"There!" she said, "put your nose over that! It is spotted and ruined!"

Don Rocco came also, and, knitting his brows, bent down over a large spot of oil, a black island on the gray cloth, muttering most seriously, "Oh, yes!" and remaining absorbed in his gaze.

"Now, go!" said the lady. "What is done is done."

It seemed in fact, as if he were awaiting her permission to raise his nose from the repentant stool.

"Yes, I'll go now," he answered, lighting his lantern, "because I am alone at home at present, and I am even afraid that I left the door open."

Very suddenly he said "Good-night," and disappeared without even looking at the countess.

She was astonished. "Dear me, what a boor!" she said.

II.

It was a damp, cloudy night in November. Little Don Rocco was limping along towards his hermitage of St. Luke with awkward steps, his arms in parentheses, and his back arched, knitting his brows at the road-bed as he went along. He was ruminating over the dark words of Signora Carlotta, and their importance was gradually piercing his obtuse brain. He was also ruminating over the next assembly of the ecclesiastical court, over the pereat mundus and the subtle reasonings of the professor, of which he had understood so little; not to speak of the exposition of the Gospels for the next day, which he had not yet fully prepared.
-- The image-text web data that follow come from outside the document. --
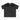 WESTERN YOKE TEE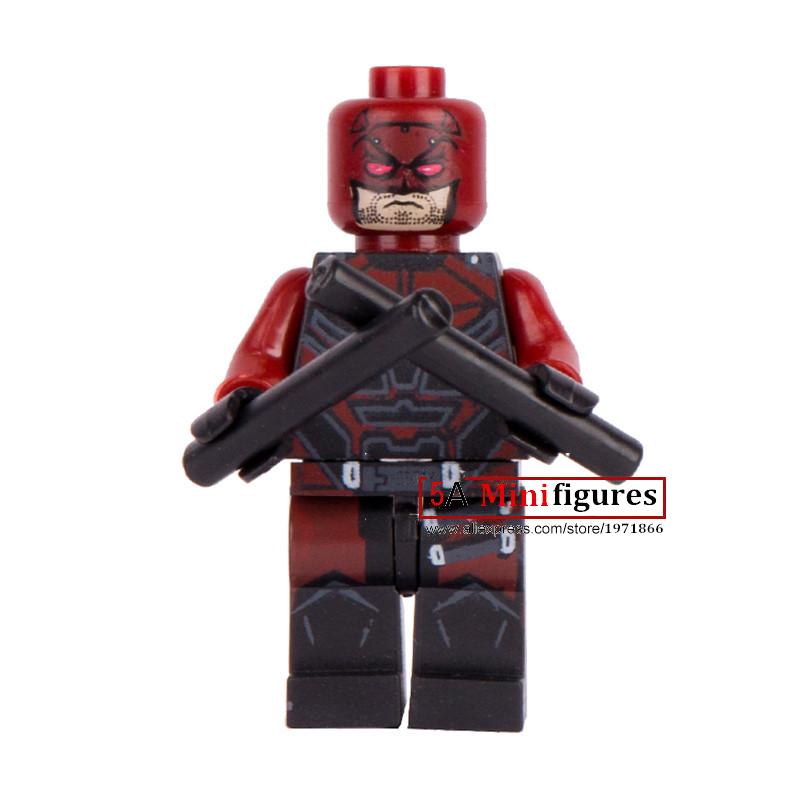 Single-Sale-Marvel-Super-Heroes-Daredevil-Avengers-Star-war-set-bricks-model-Minifigures-Building-Block-kit.jpg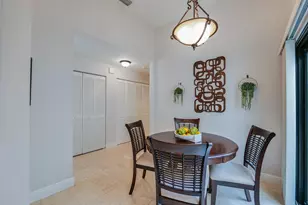 23264 N Mirabella Cir Circle N, Boca Raton, FL 33433 - Photo 30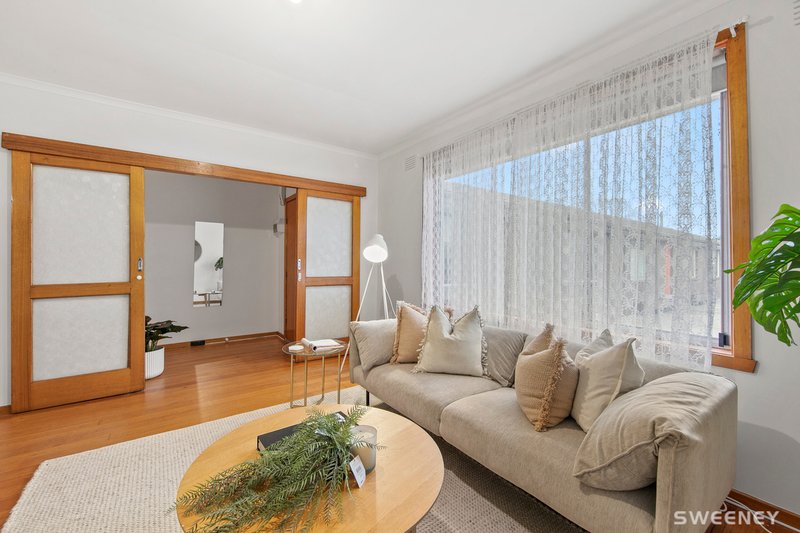 Photo - 4/59 Rose Street, Altona VIC 3018 - Image 2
All this would often get inextricably confused in his mind. Certainly poor innocent Lucia must not be condemned, pereat mundus. Signora Carlotta was almost a padrona to him; but what about that other great padrone? Nemo potest duobus dominis servire; thus, beloved brethren, says the Gospel for the day.

Poor Don Rocco, as usual, had also lost at terziglio; and this gave a somewhat gray cast to his ideas, notwithstanding his proverbial carelessness of every mundane interest. That hole in his pocket, that continuous dropping, made him reflect. Would it not have been better for him to give the same amount in alms?